Shedulers.jl provides elastic and fault tolerant parallel map (epmap) and parallel map reduce methods (epmapreduce!). The primary feature that distinguishes Schedulers parallel map method from Julia's Distributed.pmap is elasticity where the cluster is permitted to dynamically grow/shrink. The parallel map reduce method also aims for features of fault tolerance, dynamic load balancing and elasticity.

This package can be used in conjunction with AzSessions.jl, AzStorage.jl and AzManagers.jl to have reasonable parallel map and parallel map reduce methods that work with Azure cloud scale-sets. The fault handling and elasticity allows us to, in particular, work with Azure cloud scale-sets that are using Azure Spot instances.

Implementation details

The current implementation of the parallel map reduce method uses shared storage (e.g. NFS, Azure Blob storage...) to check-point local reductions. This check-pointing is what allows for fault tolerance, and to some extent, elasticity. However, it is important to note that it comes at the cost of IO operations. It would be useful to investigate alternatives ideas that avoid IO such as resilient distributed data from Spark.

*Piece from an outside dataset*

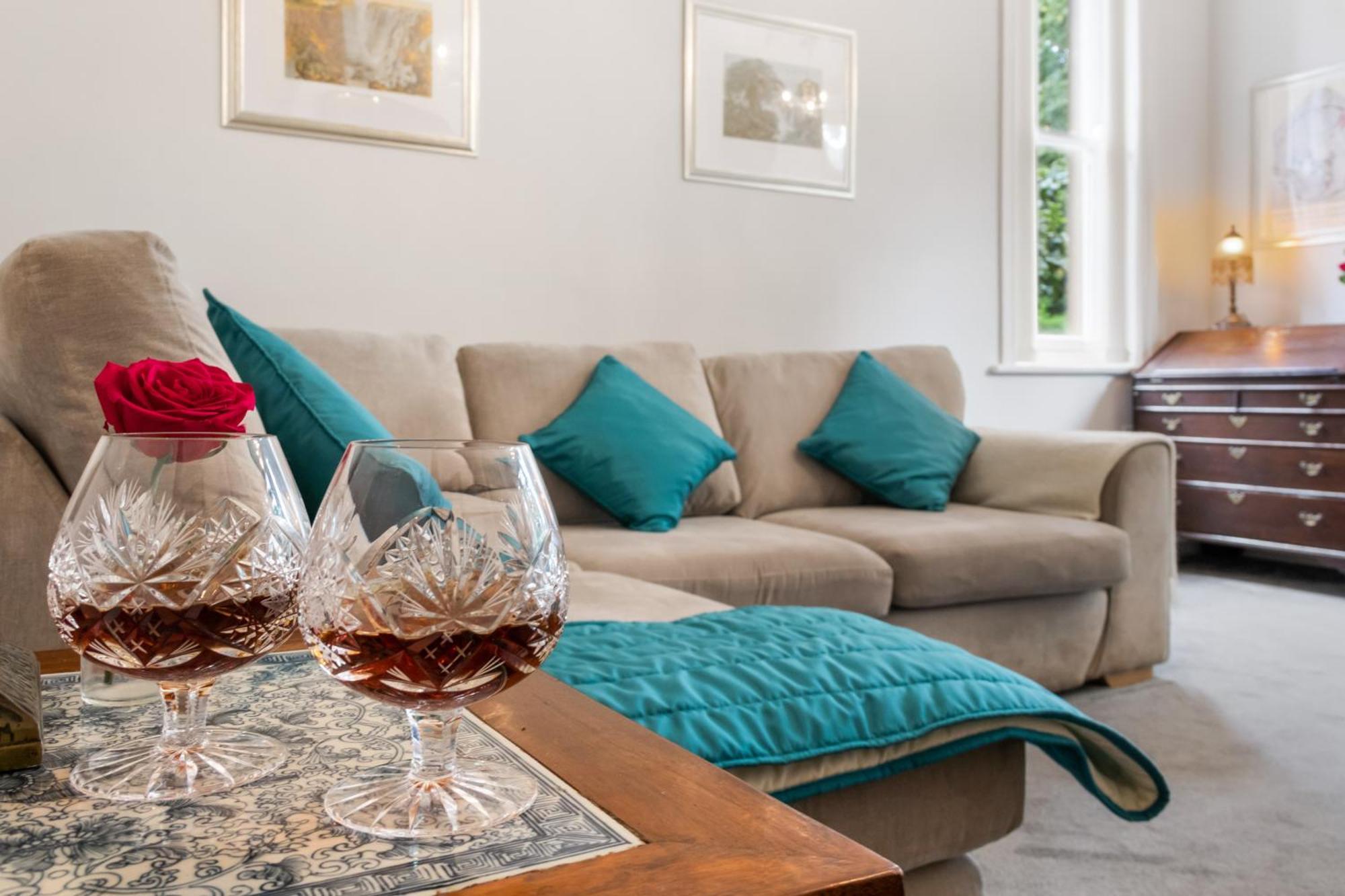 Elegant Malvhina Retreat On The Malvern Hills Great Malvern Esterno foto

The map and the reduce in the epmapreduce! method are asynchronous. The map is prioritized, but when the number of tasks that need to be mapped over is less than the number of machines, the reduction over available check-points can begin. In certain cases this can help to hide the cost of the reduction by overlapping with the map. In addition, it can make better use of the cluster such that machines that would otherwise be idle can be used for the reduction.